Tuesday, November 08, 2016

Mock Orange

We have been busy picking mock orange blossom this last week or so. It comes with a bit of a rush in late spring and there's plenty of it this year, certainly the good rains have helped. It's a Philadelphus, the variety we have is coronarius, a plant from Southern Europe. It's a deciduous shrub which grows to about 10 feet high and eight wide over time with multiple stems coming from the base which spread and can be divided off in winter. The flowers are profuse and magnificently scented citrus like, hence the common name mock orange.

It's the last of the spring blossom for us, although there's still some Hungarian lilac to be picked as well. My grandmother Nanna Wilson had a mock orange in her garden in Ashburton and when we moved to Emerald we took a plant from that parent. As it is in demand by our florist customers we have grown more plants over the years and now have quite a lot, sometimes too many to pick it all if the weather is hot and it comes out all at once. The great thing about it is that it thrives in dry conditions of summer so needs no watering but it benefits by cold winters which we do have in the Dandenongs. It's a good keeper in water and is pleasant to pick. It's a 'single' flower as opposed to the 'doubles' of many other Philadelphus varieties which in our experience do not keep well as a cut flower.

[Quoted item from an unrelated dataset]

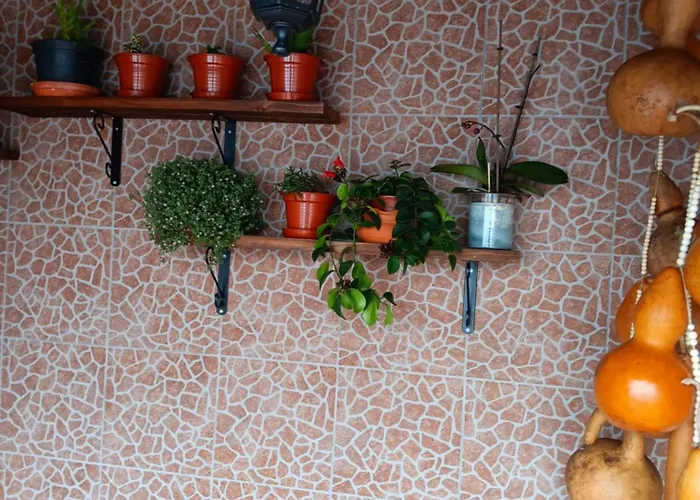 Nyaraló Casa Da Rosarinha *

It was a ripper dogwood season, we picked large amounts of Cornus florida through October. All in all spring has been grand, despite working in the rain and cold, which has no doubt helped the spring blossom. We will shortly move on to picking beech foliage, it's a little slow to firm up due to the lack of warm weather. Sadly my beech trees at home have been decimated by crimson rosellas who have taken to eating the new leaves. They've had a bit of a chew at the farm too. Not much we can do about it, except watch, and accept the financial wack as one of those things. I just hope it doesn't get worse into the future. Birds are very good at adapting and utilizing new introduced food sources. The parents teach their young where the food is and they have a bit of a yearly movement pattern following the available food. The king parrots are good at turning up just when the tomatoes are full. They'll eat them green before we can get one ripe and strip our bushes in a few hours.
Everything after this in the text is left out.